*** Given data ***
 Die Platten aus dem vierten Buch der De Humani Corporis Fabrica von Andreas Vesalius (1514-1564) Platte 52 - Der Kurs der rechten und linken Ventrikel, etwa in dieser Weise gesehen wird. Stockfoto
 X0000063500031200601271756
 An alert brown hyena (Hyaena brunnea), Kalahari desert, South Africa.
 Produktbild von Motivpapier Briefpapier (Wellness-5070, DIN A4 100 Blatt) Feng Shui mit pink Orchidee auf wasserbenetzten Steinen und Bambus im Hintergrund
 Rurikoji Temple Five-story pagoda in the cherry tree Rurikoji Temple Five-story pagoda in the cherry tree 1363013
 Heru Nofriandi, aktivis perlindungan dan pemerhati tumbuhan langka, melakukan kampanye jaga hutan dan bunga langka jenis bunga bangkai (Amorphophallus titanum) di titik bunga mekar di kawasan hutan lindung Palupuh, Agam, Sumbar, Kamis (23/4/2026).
*** End of Given data ***
● About this exercise
Would you please copy the whole listing exactly as given?

● Task answer
 Die Platten aus dem vierten Buch der De Humani Corporis Fabrica von Andreas Vesalius (1514-1564) Platte 52 - Der Kurs der rechten und linken Ventrikel, etwa in dieser Weise gesehen wird. Stockfoto
 X0000063500031200601271756
 An alert brown hyena (Hyaena brunnea), Kalahari desert, South Africa.
 Produktbild von Motivpapier Briefpapier (Wellness-5070, DIN A4 100 Blatt) Feng Shui mit pink Orchidee auf wasserbenetzten Steinen und Bambus im Hintergrund
 Rurikoji Temple Five-story pagoda in the cherry tree Rurikoji Temple Five-story pagoda in the cherry tree 1363013
 Heru Nofriandi, aktivis perlindungan dan pemerhati tumbuhan langka, melakukan kampanye jaga hutan dan bunga langka jenis bunga bangkai (Amorphophallus titanum) di titik bunga mekar di kawasan hutan lindung Palupuh, Agam, Sumbar, Kamis (23/4/2026).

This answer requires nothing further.